Include inter-state RCM transactions under ISD and amend related provisions (effective from 01.04.2025).

4. Temporary ID Numbers:

Introduce Rule 16A for generating temporary IDs for unregistered persons making payments under Rule 87(4).

5. Composition Levy Modification:

Allow taxpayers to update the “category of registered person” in FORM CMP-02 through FORM GST REG-14.

Key Measures for GST Law and Procedure

6. Amendment to Invoice Management System (IMS)

Key recommendations by the GST Council to strengthen IMS functionality under the CGST Act and Rules:

Amendment to Section 38 and Rule 60:

Legal framework for generating FORM GSTR-2B based on taxpayer actions in IMS.

Ensures consistency in Input Tax Credit (ITC) claims.

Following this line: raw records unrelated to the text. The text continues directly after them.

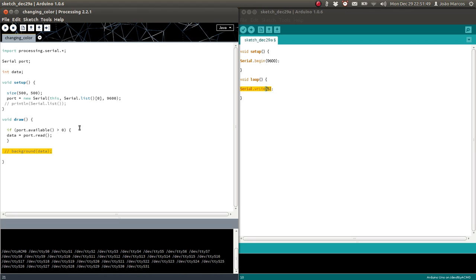These are the basic commands you have to use — this is basically how we program serial communication between Arduino and Processing. In the next video, whose link I'll put in the description below, you're going to see everything working — the Arduino actually communicating with Processing. If you have any questions, please write in the comments below. Thanks very much for watching, and I'll see you in the next video!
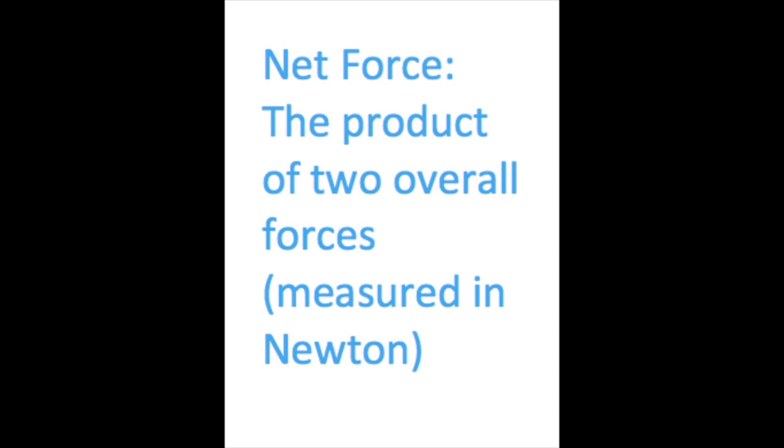Net force is the total amount of force applied to an object. You take the highest force minus the lowest and there you go, the net force.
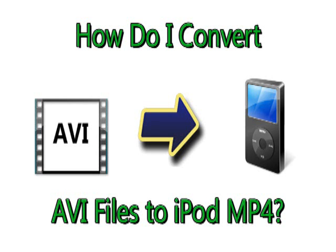Hi, I'm Jake Ludington, and I'm going to show you how you can convert any AVI to an MP4 that you can play back on your iPod.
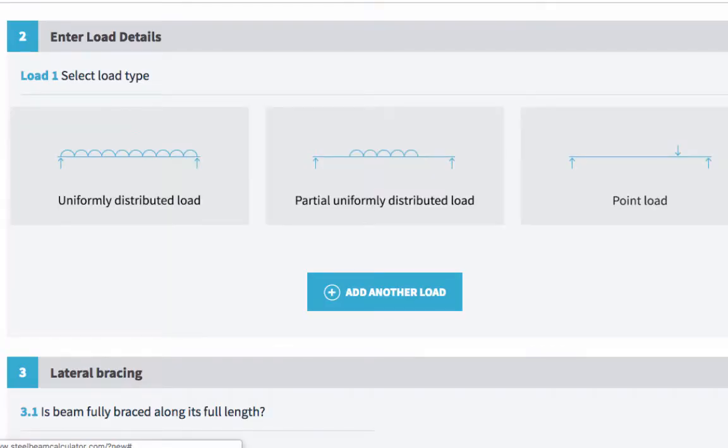The next section is all about the loads that your beam will be supporting. And there are three load types. Uniformly distributed load. That's where the load is evenly distributed across the full length of the beam. So, for example, an attic or a floor.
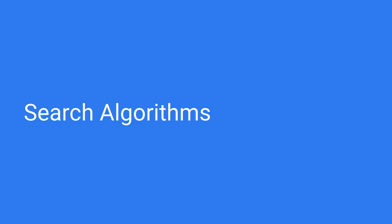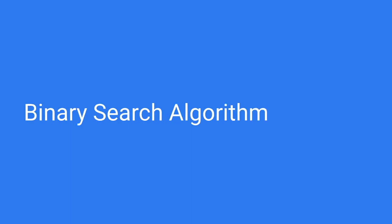Let us continue our discussion of search algorithms. We're going to look at a more efficient search algorithm called Binary Search Algorithm, not to be confused with Binary Search Tree, which is a data structure.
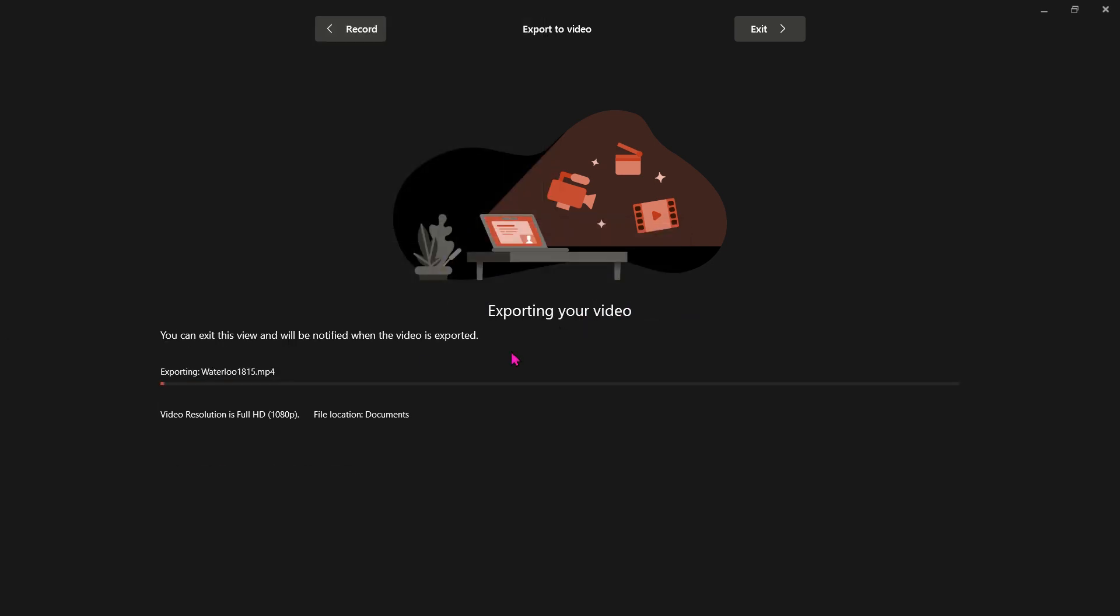And then it goes through the process of exporting that. Now depending on how long your presentation is will depend on how long this will take to export.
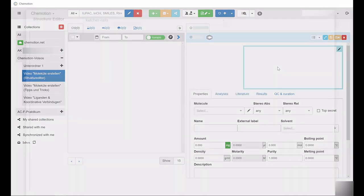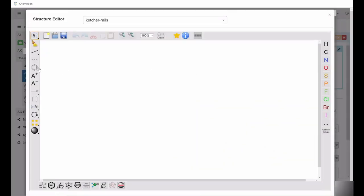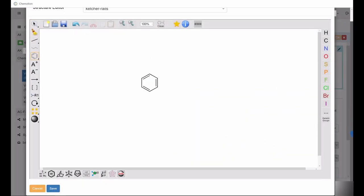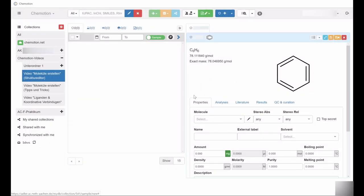For demonstration purposes, we will use benzene as a model compound. After creating and saving a structure, you can select an automatically proposed name for the molecule under the category Properties.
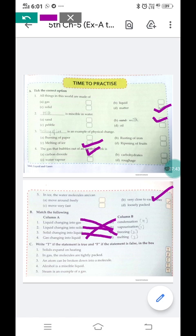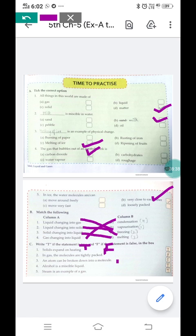Now Question C: True or False. First: solids expand on heating — yes, this is true; solids expand when heated and their molecules become slightly loose. Second: in gas the molecules are tightly packed — false; in gas, molecules are loosely packed. Third: an atom can be broken down into a molecule — false; the atom is the building block, the smallest unit. Molecules are formed from atoms, so molecules can be broken into atoms but atoms cannot be broken down into molecules.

Amendment to Section 34(2): Mandates ITC reversal by recipients for credit notes to enable suppliers to reduce output tax liability.

Insertion of Rule 67B: Standardized procedure for adjusting suppliers’ output tax liability against credit notes.

Amendment to Section 39(1) and Rule 61: Links FORM GSTR-3B filing to the availability of FORM GSTR-2B for reconciliation.

SBC Comments:

Enhances transparency, prevents fraudulent ITC claims, and ensures accurate tax compliance.

Effective implementation depends on GST portal readiness and taxpayer adaptability.